Ms. Nancy MacPherson advocates for near-real time feedback both for monitoring and evaluation, supported by the power of new ICT technology and big data – though we still need to figure out how to use it. We need to make more good use of monitoring, which should feed into evaluation to understand more in real time and be able to draw conclusions and feed information back into the programs. Hence, a near-real-time monitoring & monitoring-informed evaluation.

Saleemul Huq would want to focus on long-term M&E systems with the initial period being to set up baselines, and in the early years practicing learning-by-doing approaches in which the first few years focusing more on "Learning" rather than "Evaluating". Hence what is needed is a "Monitoring, Learning and Evaluation" (MLE) on a decadal scale basis rather than merely an "M&E" program. A network of existing knowledge institutes could lead the development of the system and initial methodologies, to be linked to national government systems.

End Note

Further M&E capacity development at various levels, the identification of new, innovative and adaptive M&E approaches, development of robust evidence / baseline data and long-term monitoring efforts feeding into learning, were mentioned by many as efforts worth spending part of the 200 million US Dollars on. Though a good number of respondents also agreed that a good chunk of the money needs to be spent on developing an enabling environment for M&E and learning, and incentives for governments and national institutions to adopt new approaches.

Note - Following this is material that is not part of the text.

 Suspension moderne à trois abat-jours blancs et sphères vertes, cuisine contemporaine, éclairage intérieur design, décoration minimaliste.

My feeling is that a lot of the focus is perhaps on the supply side – how to include people, how to develop, present and share evaluative evidence, whereas we already do generate a lot of evidence and it might be good to look at whether (and if so, why) demand for evidence-based information lags behind supply.

Some wonder whether all of this requires new money, or whether it is more a shift in mind set, organizational practices and the way existing resources are used. The shift in itself will perhaps be harder, though in the long run it will be a prerequisite for the further adoption of new developments.  

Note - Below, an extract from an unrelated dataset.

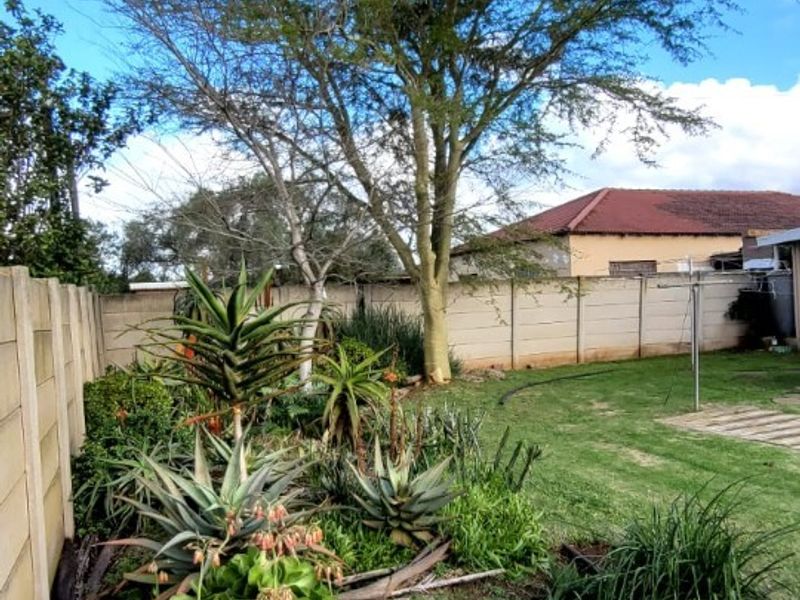 A private rear garden featuring a lawn, mature tree, and established garden beds enclosed by a precast concrete boundary wall.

You can also wonder whether this should be seen as one big an initiative that would be designed based on the elements pointed out by the respondents, or rather opt for several smaller initiatives.

I think I would opt for a selection of smaller, interrelated initiatives. These should be part of a pathway of change aimed at both capacity development, mind-set shift and a shift in how M&E and learning are financed. So yes, we perhaps need ‘new money' to advance M&E and to foster a necessary mindset shift that will eventually result in smarter use of existing funds.

The reader might have noticed that most of the feedback received came from female colleagues (ie. many good women and a few good men), while the question was sent to an equal amount of male and female M&E professionals. We all know that women make better leaders, and the strategic nature of the question might explain why female colleagues felt more compelled to share their thoughts. It might also be that the answers to the question focuses on transformational change, empowerment and collaboration – traits traditionally associated with women.

Reference: UN, 2014. World Urbanization Prospects.